A similar question is asked by some user but unanswerd (Semidirect products of $S_n$). I wants to show that the semidirect product of $A_n$ and $\mathbb{Z}_2$ is the symmetric group $S_n$.
$S_n\cong A_n \rtimes \mathbb{Z}_2?$
I tried a lot but I have seen that $A_5\rtimes \mathbb{Z}_2\cong $SL$(2,5)$. Please tell whethere I am correct or not?
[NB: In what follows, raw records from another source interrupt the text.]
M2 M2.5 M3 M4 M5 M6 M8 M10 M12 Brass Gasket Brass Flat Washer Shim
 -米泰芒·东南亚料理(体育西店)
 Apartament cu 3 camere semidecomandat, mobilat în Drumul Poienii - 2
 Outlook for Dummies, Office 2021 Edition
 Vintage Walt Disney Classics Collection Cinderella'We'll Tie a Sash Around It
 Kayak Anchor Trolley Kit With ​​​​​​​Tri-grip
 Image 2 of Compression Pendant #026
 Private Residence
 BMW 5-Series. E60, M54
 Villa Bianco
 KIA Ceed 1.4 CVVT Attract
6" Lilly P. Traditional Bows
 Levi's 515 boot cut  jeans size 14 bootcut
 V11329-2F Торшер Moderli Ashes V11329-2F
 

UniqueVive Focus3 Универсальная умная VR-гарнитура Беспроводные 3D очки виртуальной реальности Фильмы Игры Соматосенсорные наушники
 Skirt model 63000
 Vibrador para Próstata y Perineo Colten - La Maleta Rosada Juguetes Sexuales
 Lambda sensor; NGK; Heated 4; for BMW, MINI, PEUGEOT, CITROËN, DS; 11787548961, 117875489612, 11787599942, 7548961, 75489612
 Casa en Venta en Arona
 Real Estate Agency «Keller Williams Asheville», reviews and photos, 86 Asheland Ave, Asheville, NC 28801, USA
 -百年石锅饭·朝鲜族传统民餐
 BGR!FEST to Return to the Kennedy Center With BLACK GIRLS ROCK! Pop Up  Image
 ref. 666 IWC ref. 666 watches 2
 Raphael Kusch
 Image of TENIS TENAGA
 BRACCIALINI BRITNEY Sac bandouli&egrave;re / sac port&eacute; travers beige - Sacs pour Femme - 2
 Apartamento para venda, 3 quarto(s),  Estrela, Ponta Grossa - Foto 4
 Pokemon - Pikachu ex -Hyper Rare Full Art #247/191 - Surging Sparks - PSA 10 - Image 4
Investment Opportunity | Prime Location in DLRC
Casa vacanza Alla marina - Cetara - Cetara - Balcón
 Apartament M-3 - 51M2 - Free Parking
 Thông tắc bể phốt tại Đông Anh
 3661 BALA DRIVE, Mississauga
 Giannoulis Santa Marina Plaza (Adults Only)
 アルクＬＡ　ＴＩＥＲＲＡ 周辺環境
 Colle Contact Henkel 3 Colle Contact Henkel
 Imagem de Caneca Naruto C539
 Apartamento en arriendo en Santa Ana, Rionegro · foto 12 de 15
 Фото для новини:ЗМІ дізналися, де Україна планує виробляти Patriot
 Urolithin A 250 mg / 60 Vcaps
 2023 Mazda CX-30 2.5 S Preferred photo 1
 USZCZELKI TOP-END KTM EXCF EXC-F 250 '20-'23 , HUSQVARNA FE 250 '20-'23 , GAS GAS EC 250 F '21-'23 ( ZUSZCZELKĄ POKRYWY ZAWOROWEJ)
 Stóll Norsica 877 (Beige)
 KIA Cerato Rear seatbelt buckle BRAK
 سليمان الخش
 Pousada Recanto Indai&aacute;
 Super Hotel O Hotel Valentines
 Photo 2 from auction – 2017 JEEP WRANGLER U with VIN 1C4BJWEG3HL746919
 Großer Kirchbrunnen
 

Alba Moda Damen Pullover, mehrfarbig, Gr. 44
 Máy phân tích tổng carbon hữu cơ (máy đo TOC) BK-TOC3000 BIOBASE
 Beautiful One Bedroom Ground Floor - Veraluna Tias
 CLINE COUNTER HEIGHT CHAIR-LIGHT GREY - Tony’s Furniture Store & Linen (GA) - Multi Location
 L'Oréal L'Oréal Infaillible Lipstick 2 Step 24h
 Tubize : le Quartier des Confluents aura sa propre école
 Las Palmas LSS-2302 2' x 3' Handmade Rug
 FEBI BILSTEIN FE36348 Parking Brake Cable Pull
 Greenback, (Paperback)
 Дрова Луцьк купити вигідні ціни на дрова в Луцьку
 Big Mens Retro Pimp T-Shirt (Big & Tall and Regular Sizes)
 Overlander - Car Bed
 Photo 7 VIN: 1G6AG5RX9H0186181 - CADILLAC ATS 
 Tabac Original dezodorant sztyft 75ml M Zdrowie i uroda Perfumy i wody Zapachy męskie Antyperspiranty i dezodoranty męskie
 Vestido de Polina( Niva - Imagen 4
$A_n$ is a normal subgroup of $S_n$ (one way to see this is to use that $[S_n : A_n] = 2$, and index $2$ subgroups are always normal). Now take $\sigma$ to be any $2$-cycle, say $\sigma = (12)$. Then since $\sigma$ is an odd permutation, it does not lie in $A_n$; this means the subgroup generated by both $A_n$ and $\langle \sigma\rangle$ must be all of $S_n$ (otherwise, note that its index must be smaller than $2$ but larger than $1$, which is impossible). Finally, note that $A_n\cap \langle \sigma\rangle = \{1\}$.
The above shows that $S_n$ satisfies the "inner semidirect product" conditions, and we therefore have $S_n \cong A_n\rtimes \langle \sigma\rangle$. Now note that $\langle \sigma\rangle \cong \mathbb{Z}_2$.